The location was placed in a extremely dry place, there was no real road leading to the place. But the school is a great initiative, it changes people’s lives and the students actually do get a job after the education. They were also registered as an official institute, in which they educate students for six months (instead of the normal two years).
On Thursday the 11th we had one meeting:
Meeting with Village Capital
Date: 10th of November, 09:00
Village Capital is a startup accelerator from Africa. They are organize two rounds each year, wherein they include twelve startups that they have selected out of 180 applicants. They provide multiple workshops/trainings. At the end of the round they let the selected startups choose the two best. These two startups are funded with 50.000 Dollars each. The startups are companies that provide solutions not only for Kenya but as well for the rest of Africa. The mean problems most of the startups face are capital, bookkeeping, management, licenses and product differentiation but there are a lot of business who invest in startups in Kenya.
Village Capital has two branches: respectively an NGO and a investment branch. Right now they are working on solutions for the mobile phones, since that is really coming up in Africa and african people don’t always have a computer, but they do always have a cell phone. They think, for instance, about m-pesa application which provides a solution to transfer money between people using mobile phones.
Michael suggested we should look for some companies like FarmDrive which provides micro credits for farmers, OGEYREENY, Mobius, M-Kopa and Bridge school. Also, he said that young people are not really looking outside of their own safe environment. Their own village is all that they have or some of them are going to Nairobi to find a job. Further he stated we should try to create cooperatives with local people, for example: let farmers work together in a cooperative and contact a supermarket instead of the local market, so they have a stronger position in the market or create more value proposition to their goods. He said Kenyan supermarkets, in contrasts to Dutch ones, could buy directly from farmers if they have a constant supply but Molo alone will not be big enough to get a return on investment. Most of they money is between the farmers and the supermarkets.

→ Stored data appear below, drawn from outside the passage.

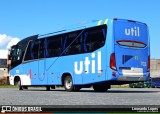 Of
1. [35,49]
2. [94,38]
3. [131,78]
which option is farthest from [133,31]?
[35,49]

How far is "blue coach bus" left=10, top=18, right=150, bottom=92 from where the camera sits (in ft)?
57.8

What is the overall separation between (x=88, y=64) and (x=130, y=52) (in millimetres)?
2186

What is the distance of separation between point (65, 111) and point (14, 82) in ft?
69.0

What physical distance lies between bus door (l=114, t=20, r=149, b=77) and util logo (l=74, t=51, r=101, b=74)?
94 cm

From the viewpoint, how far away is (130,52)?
18.2 metres

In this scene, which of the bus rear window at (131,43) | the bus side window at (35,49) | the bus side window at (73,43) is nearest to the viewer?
the bus rear window at (131,43)

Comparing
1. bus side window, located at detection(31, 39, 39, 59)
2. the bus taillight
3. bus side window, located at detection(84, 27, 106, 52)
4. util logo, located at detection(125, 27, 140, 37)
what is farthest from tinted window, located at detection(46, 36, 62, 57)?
util logo, located at detection(125, 27, 140, 37)

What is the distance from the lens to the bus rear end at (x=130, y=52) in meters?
17.6

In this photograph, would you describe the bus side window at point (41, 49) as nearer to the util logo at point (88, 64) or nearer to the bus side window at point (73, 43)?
the bus side window at point (73, 43)

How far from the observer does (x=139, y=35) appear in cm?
1853

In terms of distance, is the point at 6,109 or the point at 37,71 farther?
the point at 37,71

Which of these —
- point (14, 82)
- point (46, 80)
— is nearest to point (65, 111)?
point (46, 80)

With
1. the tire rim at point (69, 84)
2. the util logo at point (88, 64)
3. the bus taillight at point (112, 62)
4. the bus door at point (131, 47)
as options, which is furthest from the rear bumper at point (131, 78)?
the tire rim at point (69, 84)

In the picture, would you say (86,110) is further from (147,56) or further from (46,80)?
(46,80) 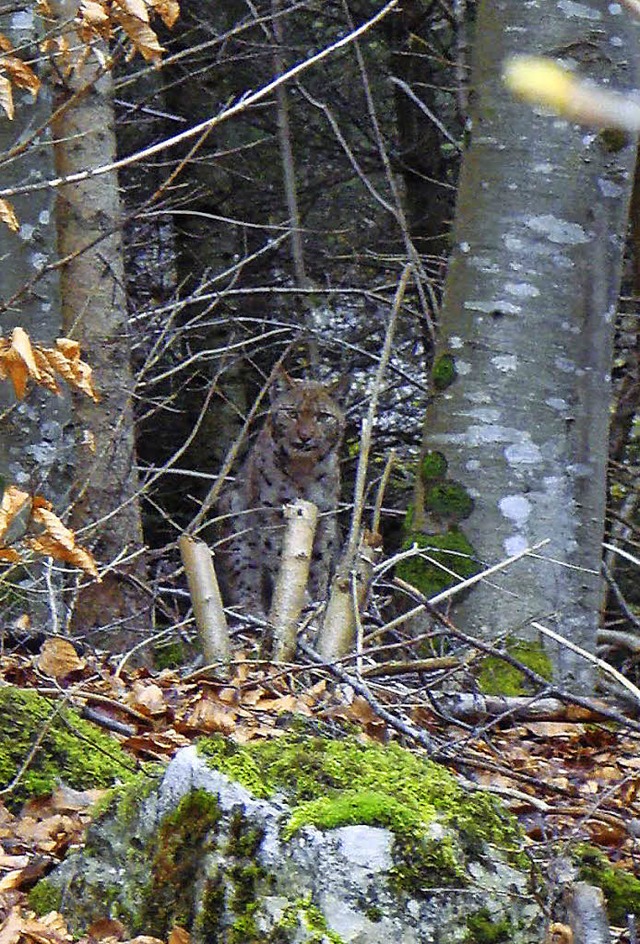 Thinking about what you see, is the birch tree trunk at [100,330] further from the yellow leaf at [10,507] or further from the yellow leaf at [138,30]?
the yellow leaf at [10,507]

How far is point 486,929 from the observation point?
2607 mm

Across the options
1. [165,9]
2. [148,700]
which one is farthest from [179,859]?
[165,9]

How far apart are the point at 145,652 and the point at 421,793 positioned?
13.0ft

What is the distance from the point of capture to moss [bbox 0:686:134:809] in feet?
11.9

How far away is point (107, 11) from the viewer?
381 cm

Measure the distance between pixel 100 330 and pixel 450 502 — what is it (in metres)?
2.72

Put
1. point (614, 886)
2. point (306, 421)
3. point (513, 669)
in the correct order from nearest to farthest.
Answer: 1. point (614, 886)
2. point (513, 669)
3. point (306, 421)

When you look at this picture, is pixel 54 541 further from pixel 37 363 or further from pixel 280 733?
pixel 280 733

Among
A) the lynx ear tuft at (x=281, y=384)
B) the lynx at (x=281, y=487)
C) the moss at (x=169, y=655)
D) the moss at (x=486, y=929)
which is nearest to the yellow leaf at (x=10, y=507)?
the moss at (x=486, y=929)

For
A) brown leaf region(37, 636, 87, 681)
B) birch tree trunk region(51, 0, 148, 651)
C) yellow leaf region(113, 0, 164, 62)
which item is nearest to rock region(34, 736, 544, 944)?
brown leaf region(37, 636, 87, 681)

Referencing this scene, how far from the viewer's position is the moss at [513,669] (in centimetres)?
555

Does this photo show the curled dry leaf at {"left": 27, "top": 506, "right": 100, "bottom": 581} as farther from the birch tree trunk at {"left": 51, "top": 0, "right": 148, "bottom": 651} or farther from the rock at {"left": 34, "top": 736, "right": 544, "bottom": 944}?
the birch tree trunk at {"left": 51, "top": 0, "right": 148, "bottom": 651}

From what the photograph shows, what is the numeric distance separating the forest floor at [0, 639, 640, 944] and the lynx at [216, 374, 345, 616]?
4.62 meters

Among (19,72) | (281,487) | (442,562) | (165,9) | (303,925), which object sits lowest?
(281,487) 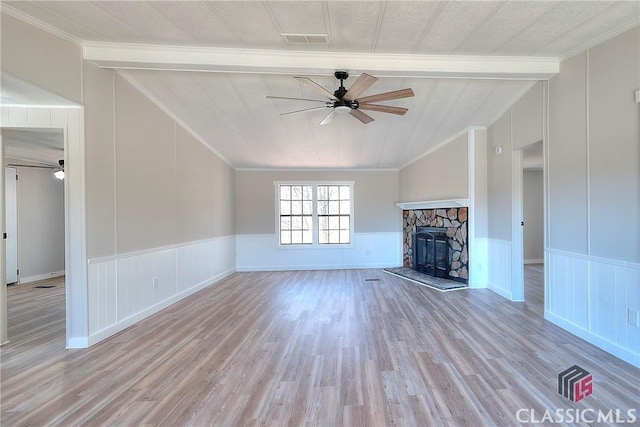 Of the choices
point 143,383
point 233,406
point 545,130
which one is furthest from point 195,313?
point 545,130

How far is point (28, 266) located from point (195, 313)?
4.49 meters

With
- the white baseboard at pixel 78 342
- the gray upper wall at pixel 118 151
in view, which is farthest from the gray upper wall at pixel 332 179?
the white baseboard at pixel 78 342

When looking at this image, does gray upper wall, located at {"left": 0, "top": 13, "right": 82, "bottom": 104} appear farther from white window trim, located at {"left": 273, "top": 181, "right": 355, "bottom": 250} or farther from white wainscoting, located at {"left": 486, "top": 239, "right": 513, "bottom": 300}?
white wainscoting, located at {"left": 486, "top": 239, "right": 513, "bottom": 300}

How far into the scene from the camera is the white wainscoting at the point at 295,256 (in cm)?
687

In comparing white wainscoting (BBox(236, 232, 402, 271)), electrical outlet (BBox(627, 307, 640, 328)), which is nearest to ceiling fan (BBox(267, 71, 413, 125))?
electrical outlet (BBox(627, 307, 640, 328))

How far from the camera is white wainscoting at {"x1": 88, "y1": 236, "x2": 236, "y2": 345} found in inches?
113

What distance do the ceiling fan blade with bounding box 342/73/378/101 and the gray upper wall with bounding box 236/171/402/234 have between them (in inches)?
158

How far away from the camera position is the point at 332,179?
23.0 feet

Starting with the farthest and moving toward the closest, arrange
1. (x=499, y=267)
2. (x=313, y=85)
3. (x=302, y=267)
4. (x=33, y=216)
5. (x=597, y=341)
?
(x=302, y=267) < (x=33, y=216) < (x=499, y=267) < (x=313, y=85) < (x=597, y=341)

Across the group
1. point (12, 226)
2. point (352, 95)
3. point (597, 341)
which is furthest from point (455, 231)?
point (12, 226)

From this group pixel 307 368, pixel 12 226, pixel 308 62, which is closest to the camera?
pixel 307 368

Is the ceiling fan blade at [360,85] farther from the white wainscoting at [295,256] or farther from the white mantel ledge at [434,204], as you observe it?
the white wainscoting at [295,256]

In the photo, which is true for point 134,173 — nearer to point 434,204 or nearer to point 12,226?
point 12,226

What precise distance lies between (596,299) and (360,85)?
3129mm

A problem that Kenya is facing, is the power of big international company who do not allow any value proposition to the crops. For example, coffee companies from the EU do not allow local value proposition that Kenyan farmers have like grinding the coffee beans. As a result the money that these farmers make is very little compared to the price that this product will eventually cost in the european supermarkets. Michael suggested we work together with other organizations so that the transfer of knowledge at the end of our staying will go smoothly. He was very willing to come to Molo once.
The meetings we had this week were a great contribution to our knowledge of Kenya and young people in particular. We are really satisfied with our first days. We got to know great people, who all wanted to help us and liked to think with us, and help us come in contact with other people.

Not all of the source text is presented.